Appels d'offres : la ruée vers l'atome des entreprises de BTP

La relance des programmes nucléaires neufs aiguise l'appétit des grands groupes. Pour espérer emporter les marchés lancés par EDF, tous se mettent en ordre de bataille.

Réservé aux abonnés
Image d'illustration de l'article
Les travaux préparatoires des deux nouveaux réacteurs de Penly en Seine-Maritime (à gauche sur cette image virtuelle) doivent commencer cette année. Au pic de l’activité, environ 8 000 ouvriers seront présents sur le chantier.

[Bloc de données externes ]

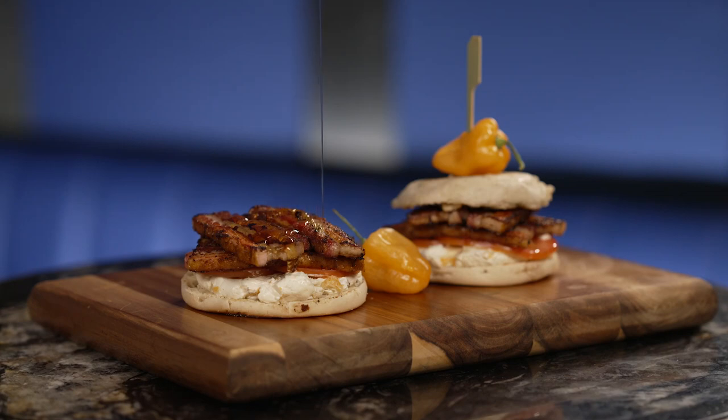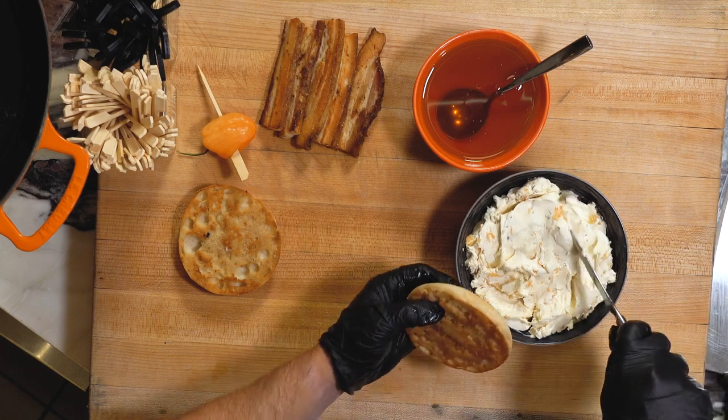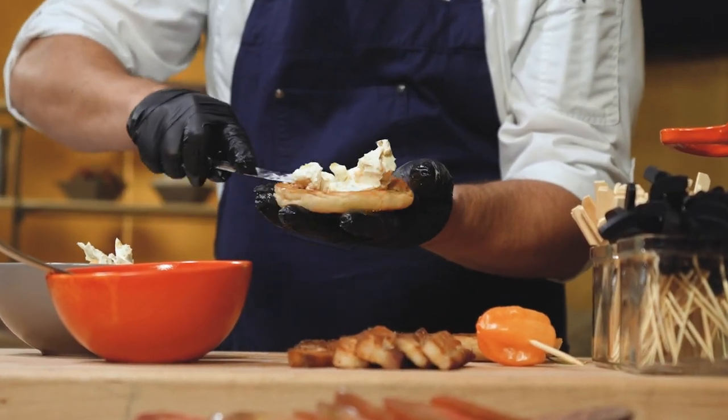Let's make a Fear the Shmear sandwich. To make the sandwich, we're gonna start by spreading a generous amount of our roasted habanero cream cheese directly on the bottom of our English muffin.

C'est la promesse d'un eldorado. La construction annoncée de six nouveaux réacteurs sur des sites nucléaires existants fait saliver les grandes entreprises du BTP. Trois fois deux paires qui doivent en effet s'installer à Penly (Seine-Maritime), à Gravelines (Nord) et dans le Bugey (Ain), concrétisation des annonces d'Emmanuel Macron à Belfort, en février 2022. Il n'y a pas de temps à perdre : le président de la République a décidé la mise en service du premier réacteur d'ici 2035.

Sans surprise, pour EDF, la maîtrise des coûts constitue un enjeu majeur. Selon « Les Echos », la facture totale pourrait s'élever à 67,4 Mds €, contre 51,7 Mds € initialement prévus. Si le maître d'ouvrage ne commente pas ce chiffre, il a néanmoins lancé en fin d'année dernière un « plan de compétitivité » pour que les acteurs de la filière débusquent des optimisations économiques. Pour autant, rien ne semble remettre en cause cette montée en puissance de l'atome puisque l'énergéticien vise « 70 % de contrats signés ou prêts à signer fin 2024 ».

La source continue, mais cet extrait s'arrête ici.